'Sure I did. There was. In fact if there's one sure fact in the whole thing it's Badon Hill.'

'Because Gildas and Bede say so?'

'Gildas and Bede and everyone who matter: somebody gave the Saxons the biggest hiding of their lives about A.D. 500. Even the modern archaeologists check it out, because Saxon burials inland stop dead about that time and don't really start up again for half a century or more—two, maybe three generations.

So it must have been a great battle.'

Merriwether unwound gracefully. 'Then how come most people never heard of it, Doc? I read some British history once. Long time ago, but I remember the battles—Hastings, Agincourt, Waterloo, Trafalgar and such. But no Badon Hill.'

'Because the Britons threw it away, is why. If they'd carried on the good work they could have finished the Anglo-Saxons for good—the Britons were better organised, the Saxons were just savages. It was like

—like if the Red Indians had tried to invade the United States in about 1800… So the Britons had them licked but they squabbled among themselves, like Gildas said, and blew the deal. If they hadn't then there'd have been no England—and no English. It'd all have been Britain, all speaking Welsh or something like it. In fact we'd be speaking Welsh at this moment.'

Merriwether laughed. 'Man—you've made your point. If it'd got me speaking Welsh it must have been some battle!'

'You're darn right. One of the all-time big ones: Saratoga, Gettysburg, Midway, Waterloo—Badon. But as it is, we don't even know where it is.'

Schreiner frowned at him. 'No clues at all?'

'No real clues. It was a hill and it was a siege of some sort. So perhaps a hill-fort, or an isolated hill. But nothing for certain. There's a gloss in one Gildas manuscript, where some old monk wrote in extra words

—'

'Which manuscript?' asked Schreiner quickly.

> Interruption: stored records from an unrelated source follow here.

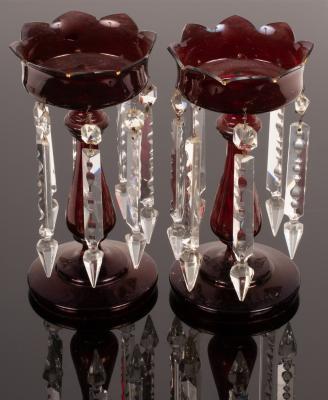 A pair of ruby glass lustres, with petal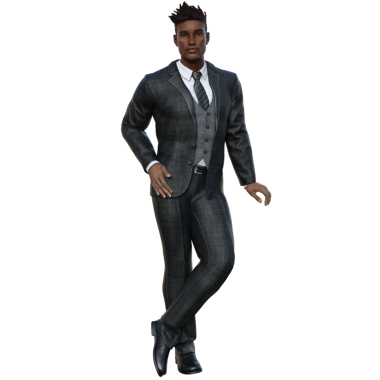 Koyu takım elbiseli, şeffaf bir arkaplanda izole edilmiş 3 boyutlu erkek karakter.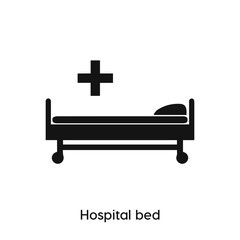 Wall Mural - hospital bed icon vector symbol sign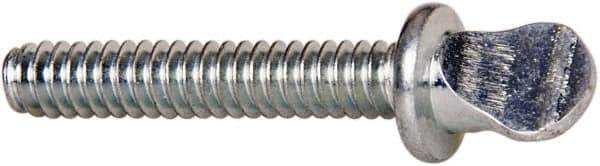 Value Collection - #6-32 Oval Shoulder Steel Thumb Screw - 3/4" OAL, 0.29" Head Height, Zinc-Plated Finish - USA Tool & Supply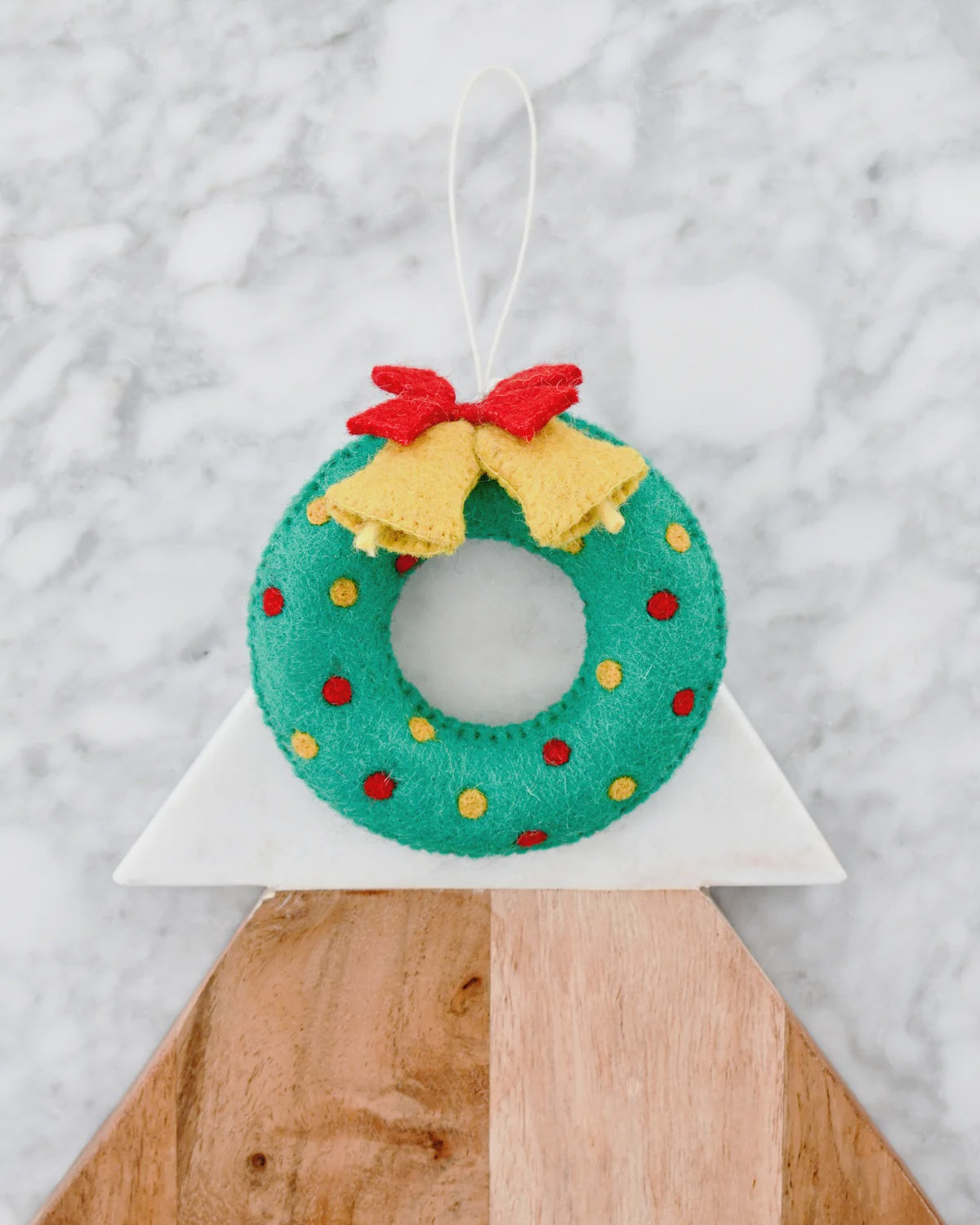 Christmas Ornament - Felt Wreath with Bells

'I don't know—not the Novgorod one, anyway.' Mosby searched through the books again. 'Here we are

—it's a footnote in Arthur of Britain

usque ad annum obsessionis Badonici montis qui prope Sabrinum hostium habetur…

those last five words only appear in the Cambridge manuscript, seems.'

'Meaning?'

Harry Finsterwald made a tiny, half-strangled sound.

'I've got it translated here somewhere… 'up until the year of the siege of the hosts at Badon Hill which took place near Sabrinum'.'

'And I take it there's no such place as Sabrinum?' said Shirley.

Anthony Price - Our man in camelot

'There's a Sabrina, actually, honey—Roman name for the river Severn. But nobody rates the gloss worth a damn. They usually don't even list it among the possible places. They reckon it dates from later mediaeval times.'

He tossed the book back on to the table, watching Schreiner out of the corner of his eye as he did so. It all added up, but then at the foot of the column there was something wrong with the final figure: ultimately this interest in Arthur and Badon and the Novgorod Bede had to be simply a cover for something else, for the KGB and the CIA both. And yet Schreiner's concern for the historical details was curiously intense, as though it mattered to him what Mosby himself felt about it… the way he'd been allowed to run off at the mouth about it, when Harry Finsterwald had been slapped down…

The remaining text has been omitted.